Chad: over 50,000 Sudanese now moved away from border, new camps planned
More than 50,000 Sudanese refugees have now moved from the Chad-Sudan border to camps in the interior of Chad. Four camps have been set up in the northern part of the affected border zone - Farchana camp hosts 10,287 refugees, Touloum has 11,279, Iridimi has 10,796, and Kounoungo has 8,269. Further to the south, one camp has been established so far at Goz-Amer, which currently shelters 9,957 refugees. In total, 50,588 refugees are registered in the five camps.
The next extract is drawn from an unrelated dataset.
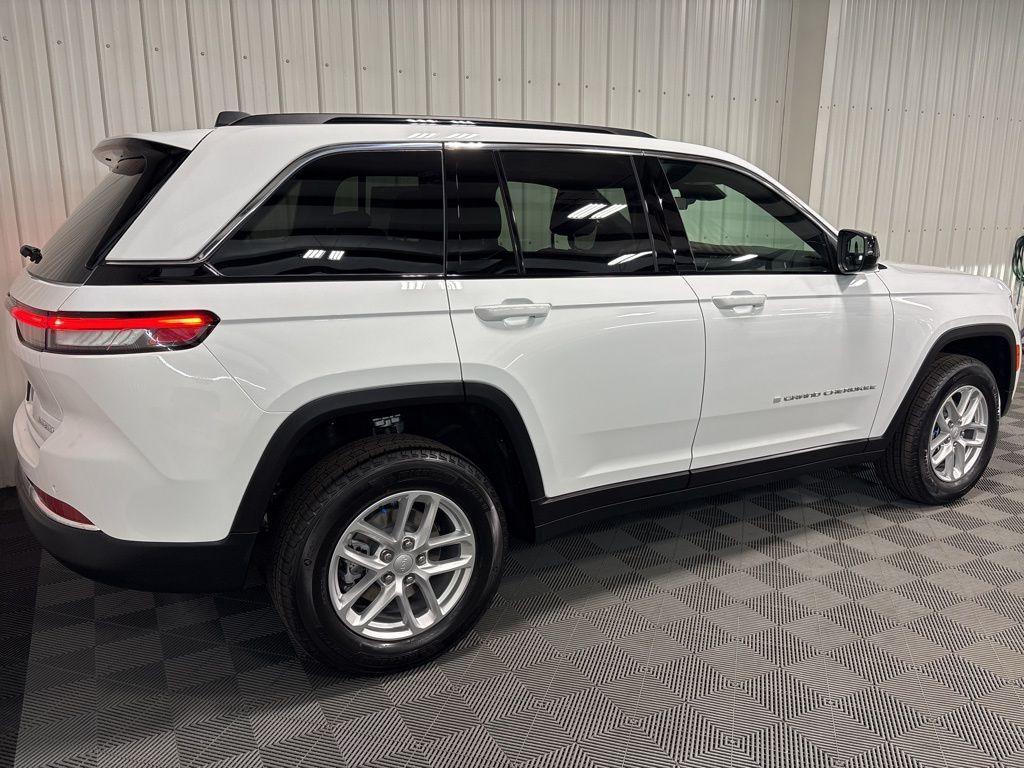 new 2025 Jeep Grand Cherokee car, priced at $41,229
We plan to open two new camps soon in the north - Mille and Am Nabak - and one new camp in the south at Asterena, 22 km north-east of Goz Beida. The new camp in the south will take in refugees who have been living in the border town of Tissi, at the southernmost edge of the 600-km stretch of border affected by the refugee influx. Together with the Chadian governmental agency CNAR, we have registered some 7,300 refugees in Tissi, and convoys from Tissi are scheduled to start at the end of this week. Each truck convoy from Tissi to the new camp will take two days due to the distance and the poor condition of the roads. The threat of possible bandit attacks means that convoys cannot travel overnight. In addition to the refugees from Tissi, Asterena camp should also host refugees transferred from Ade, where we have registered 9,382 refugees.
Meanwhile, in the north, registration of refugees near the border continues in Kariari, where CNAR has registered 10,864 refugees so far. Another 15,320 refugees have been registered in the border town of Bahai. Once the registration is completed, UNHCR and its partners will organize a food and non-food distribution in the area.
At the same time, the more than 10,000 refugees in the Touloum camp began moving into tents this weekend. They have been staying in temporary shelters made from plastic sheeting on the site. More than 1,200 tents have been set up to receive them and provide more adequate shelter, and another 400 tents will be put in place in the coming days.